------ Data for review

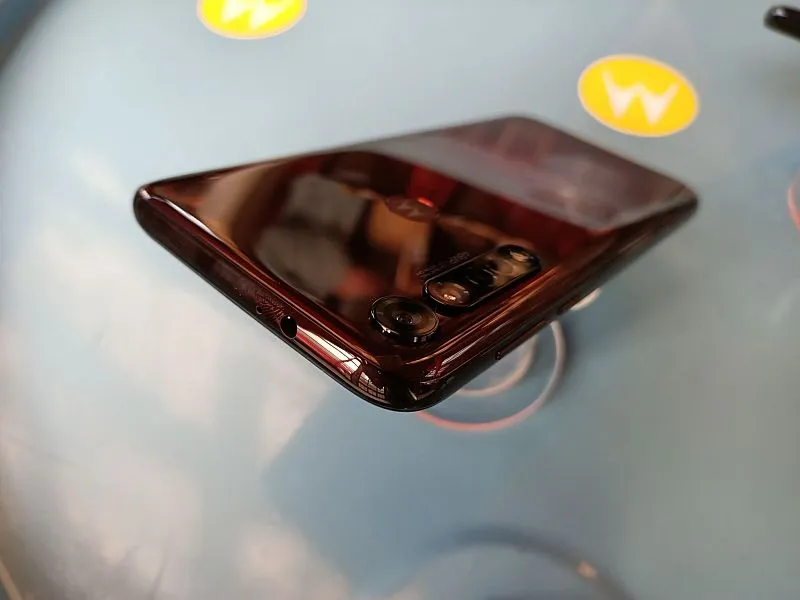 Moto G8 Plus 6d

------------
------ Data for review

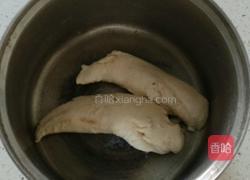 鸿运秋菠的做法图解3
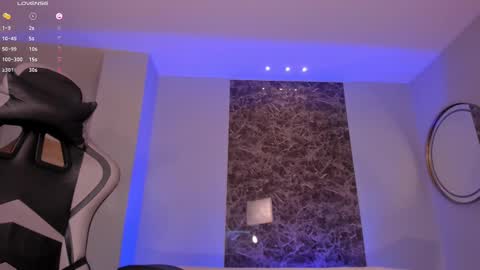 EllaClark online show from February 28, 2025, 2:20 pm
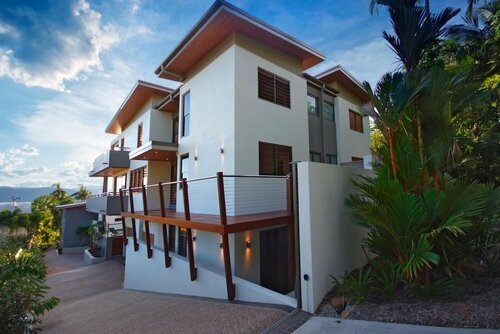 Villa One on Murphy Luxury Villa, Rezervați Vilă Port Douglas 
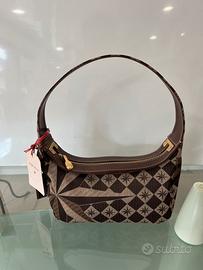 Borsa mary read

------------

▸ **Exercise directions**
Whatever pictures the records hold, omit them; give again exactly the lines from the one containing "EllaClark online show" through the one containing "Borsa mary read".

▸ **Solution for this exercise**
 EllaClark online show from February 28, 2025, 2:20 pm
 Villa One on Murphy Luxury Villa, Rezervați Vilă Port Douglas 
 Borsa mary read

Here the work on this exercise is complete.